One head was discovered ten years ago in Khirbet Qeiyafa, about 20 km from Tel Motz, where Shua Kisilevitz and Oded Lipschits discovered two more earlier this year.

One head was discovered ten years ago in Khirbet Qeiyafa, about 20 km from Tel Motz, where Shua Kisilevitz and Oded Lipschits discovered two more earlier this year.

One head was discovered ten years ago in Khirbet Qeiyafa, about 20 kilometers from Tel Motz, where Shua Kisilevitz (right) and Oded Lipschits unveiled the other two earlier this year.

One head was discovered ten years ago in Khirbet Qeiyafa, about 20 kilometers from Tel Motz, where Shua Kisilevitz (right) and Oded Lipschits unveiled the other two earlier this year.

Kisilevitz and Oded Lipschits wrote: “Unfortunately, this article is a purely sensationalism that takes into account popular, money generation, demand, unjustified presentation, and (at best) preliminary identification as factual because it ignores existing scientific research and studies, including link avoidance. to any of the excavator publications. ‘ ”

Garfinkel points out that the Bible clearly speaks of the prohibition of physical depictions of God.

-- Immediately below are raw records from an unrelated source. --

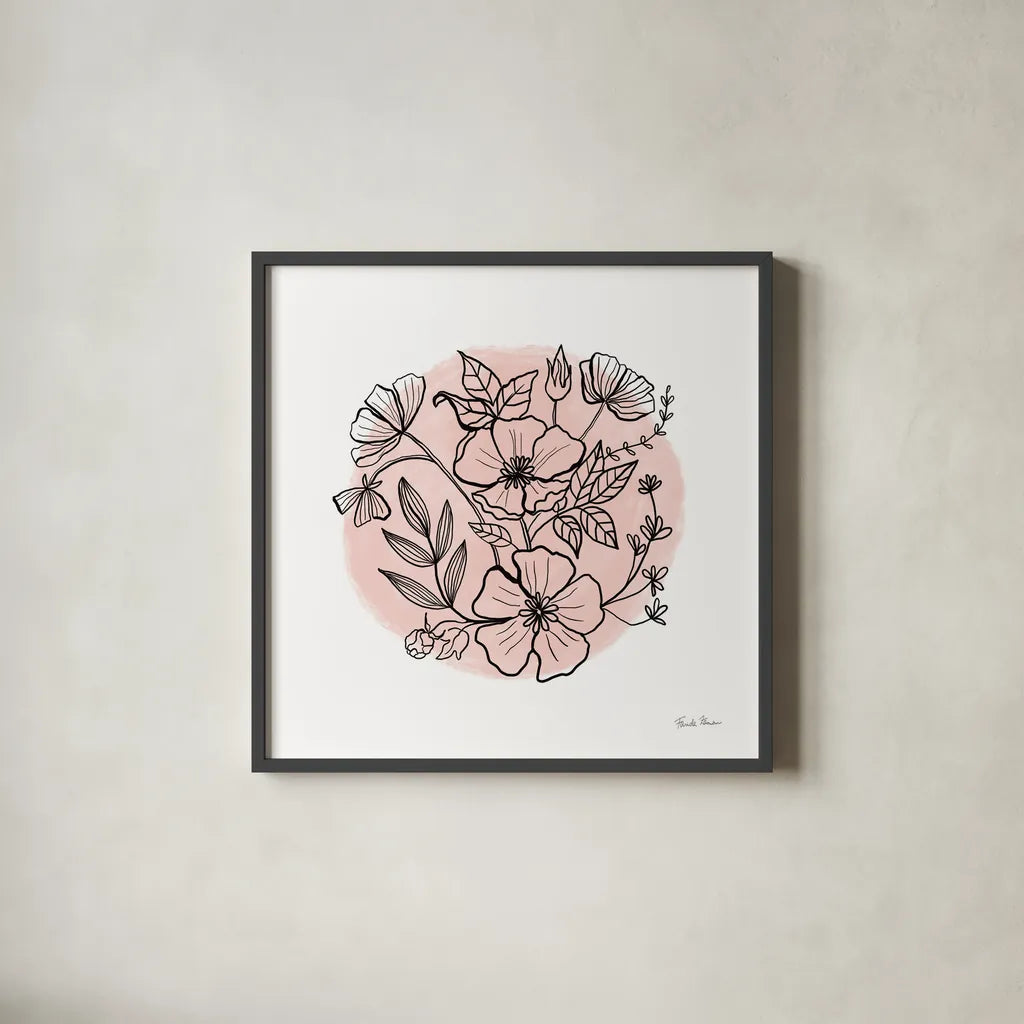 Black and White Botanical III Rose by Farida Zaman. Shown in a sleek black glass frame for a contemporary gallery look. Available as an archival giclee rolled canvas, fine art paper, or poster print. SKU 65151a.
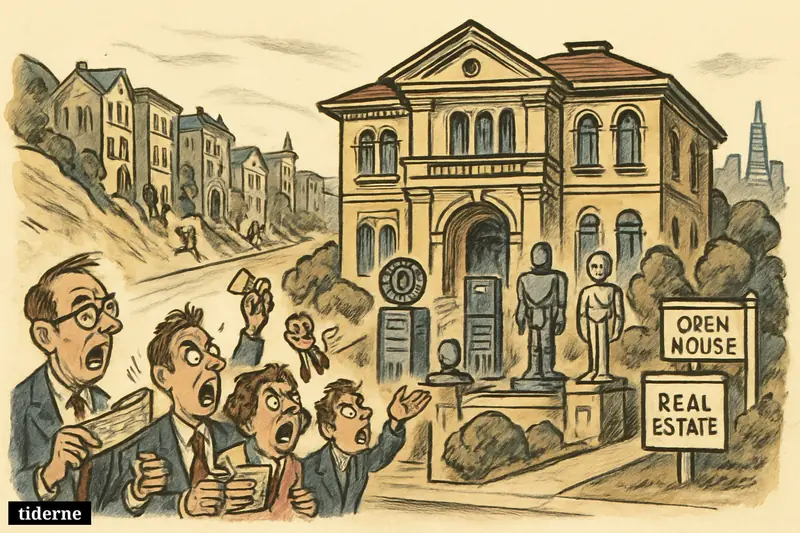 Caricature of luxury homes on a San Francisco hill as frantic wealthy bidders swarm a mansion amid AI wealth and tight housing supply. (AI-genereret illustration)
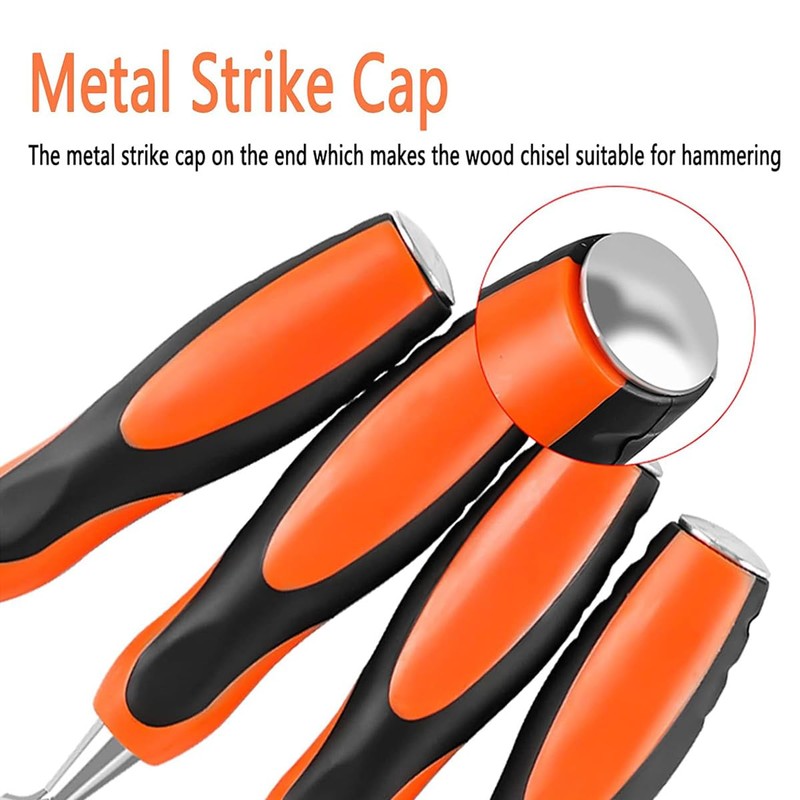 AIMALL Woodworking Chisel Set – Chrome-Vanadium Steel Blades, Rubber Handles,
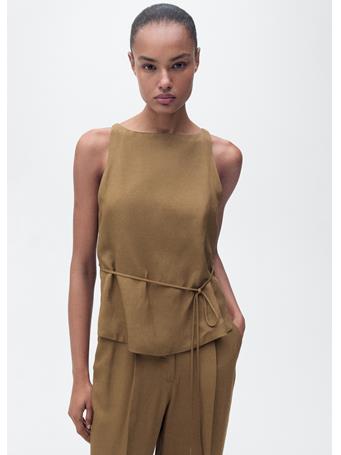 MANGO - Linen-blend Top With Bow MEDIUM GREEN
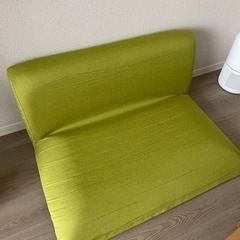 リクライニング　座椅子　2人掛けソファ（黄緑）
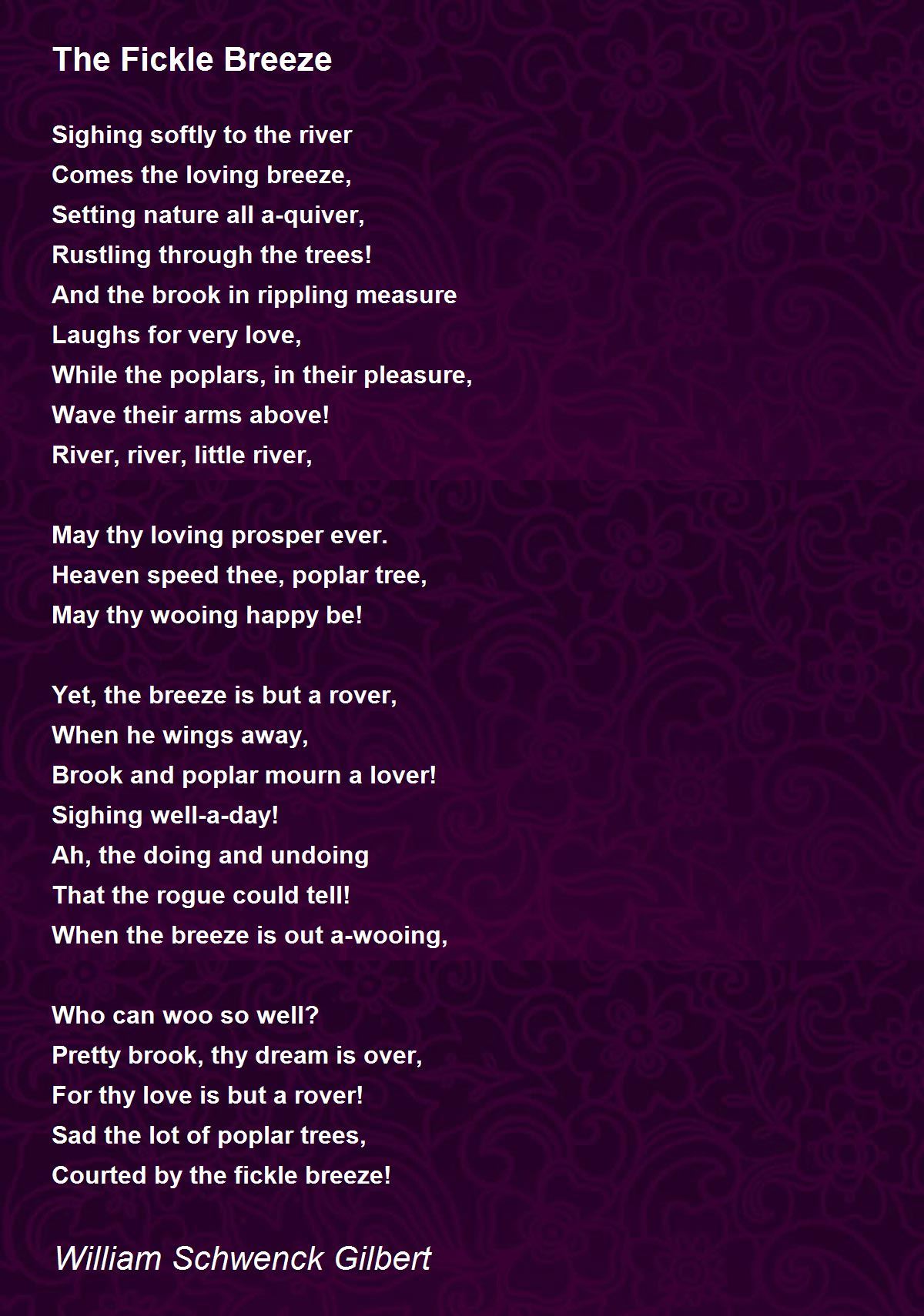 The Fickle Breeze Poem by William Schwenck Gilbert - Poem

The nearby settlements actually prayed to many gods, but “the kingdom of Judah was a different story and was based on two concepts – that there is only one god and not many, and that you should not make a status, a serious picture of it,” he shares.

About 3,000 years ago there were those who worshiped the Lord, and then there was the God of the Canaanite storm.

“The Canaanites,” Garfinkel writes, did not discover the male god on horseback.

“The horse became only a divine social animal in the texts of the Iron Age and iconography.”

“The iconographic elements of the figurines thus correspond to the descriptions of the Lord in the biblical tradition.”

He also claims that the ban on creating images of the Lord was not accepted until the 10th century, when clay was used.

Garfinkle received widespread criticism for his claims, but said: “Some, like every discovery, accept and some reject it.”

The controversial claim comes from Professor Yosef Garfinkel, who refers to the biblical divine scriptures that ride horses to increase the weight of this theory.

However, Shua Kisilevitz rejects the claim that people were forbidden to create images of God during this period

The controversial claim comes from Professor Yosef Garfinkel (left), who refers to the biblical scriptures of God riding horses to give more weight to this theory. However, Shua Kisilevitz (right) rejects the claim that people were forbidden to create images of God during this period.

Kisilevitz and Lipschits reject his claims, although they agree that the numbers were used for worship – the team refers to them as “human figures”.

“Although we cannot rule out the possibility that the human heads of Motz and Qeiyaf depicted gods, they have no signs, symbols, or attributes (such as horns, crescents, bulls) found in images and visual representations in the ancient Near East that identified as divine figures. ‘ “

“Moreover, when the gods were depicted on animals, they did not sit on them (they do not need transport) – they stood on them!” they wrote.